What is the problem you're trying to solve?
In Wikipedia there is a lack of a central mechanism/tool/policy for matching contributors with articles needing editing. According to official statistics of Wikipedia pageviews in March 2016 the total sum of visit was 15,274 Millions. While there is a wide range of applications that are built to run on Wikimedia’s API and provide valuable information for Wiki data only but less of them focus on the user-contributor.
What is your solution?
Instead of a simple development of an application that will highlight the Wikipedia pages with cleanup issues, our goal is to attract users, who may be interested in editing specific pages, matched optimally to their skills and/or interest, in an intelligent manner.
Briefly, for our purpose, we need to implement the following steps:
- Create a new button next to the log-in button of Wikipedia that will ask the user to create his/her skills’ profile. By clicking the new button, the user will be transferred to the page of our application and prompted to select a new option or button to create his/her own profile. The profile will be created either by filling and submitting a form or altrnatively by the user’s LinkedIn profile.
- Create a Wikipedia collector using the wikimedia API and dataframes (data structures for statistical analysis by the statistical language R), based on the Template:Cleanup or Category:All articles needing cleanup. The list of Wikipedia:Cleanup issues includes: page layout, wikification, spelling, grammar and typographical errors, tone, and sourcing issues.
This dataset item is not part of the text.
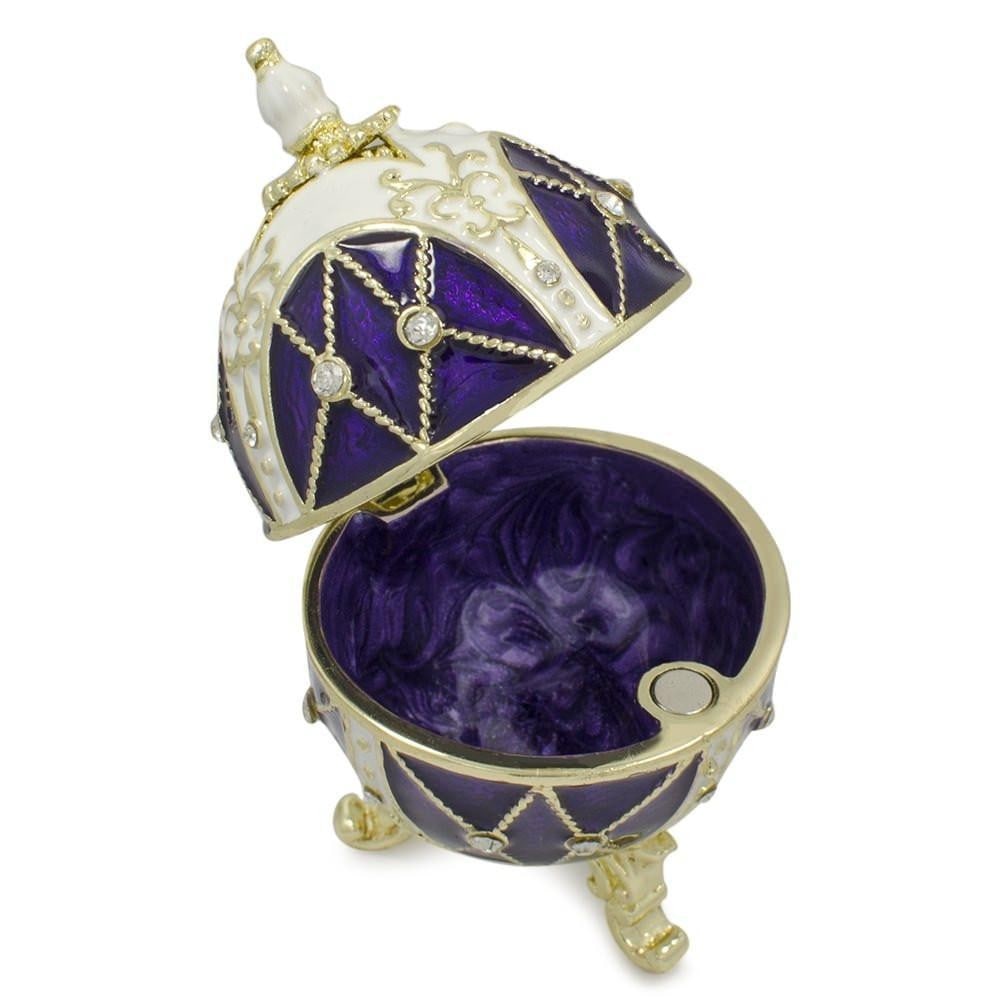 Trellis on Purple Enamel Royal Inspired Russian Easter Egg - 2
- Conduct statistical analysis and recommendation process using as input the data from the previous step in order to match users’ interests with Wikipedia’s pages needed cleanup. Depending on Wikipedia policies we will provide the option to user to receive e-mails with new pages that need editing based on his/her own skills/interests.
- Develop a user-friendly interface in order to provide users with the recommendations results.
The ultimate goal of the project is to attract more contributors and support and facilitate them through a simple, quick and intelligent way to find Wikipedia articles that need editing. More specifically:
- By focusing on users’ skills we expect to provide editing recommendations that fit better to user’s cultural, educational and intellectual background.
- By attracting more contributors to targeted articles, the editing issues will be addressed quickly and effectively, resulting in their significant reduction. Another impact will be the quality of articles which is expected to be improved since more enriched, updated and valid articles will be created.
- Through descriptive statistics we will maintain an overview for the editing volume, in order to monitor whether users through our application edit more articles and identify directly the categories that do not attract users’ interest for editing.
- By creating intelligent recommendations based on user’s skills and Wikipedia data, using mathematical concepts such as similarity (or closeness) functions. The selection variables will be based on user’s skills, Wikipedia category preferences and cleanup options (page layout, wikification, spelling, grammar and typographical errors, tone, and sourcing).
Our project will be an online recommendation tool aiming to simplify the search for Wikipedia pages that need editing.
Out team members will spend their time in the following activities:
- Development of a submission form to identify user’s skills and interests based on Wikipedia topics.
- Investigation regarding the implementation of the LinkedIn log-in option
- Development of an online webpage for the previous option
- Conducting tests during a test period with volunteers who will provide feedback for the use of webpage of activity 3.
- Investigation of the queries that should be addressed to Wikimedia API.
- Collection of Wikipedia pages that need editing.
- Development of dataframes for statistical analysis in R for Wikipedia data and user’s skills for normalization purposes.
- Definition and implementation of descriptive statistics (tables, charts and metrics)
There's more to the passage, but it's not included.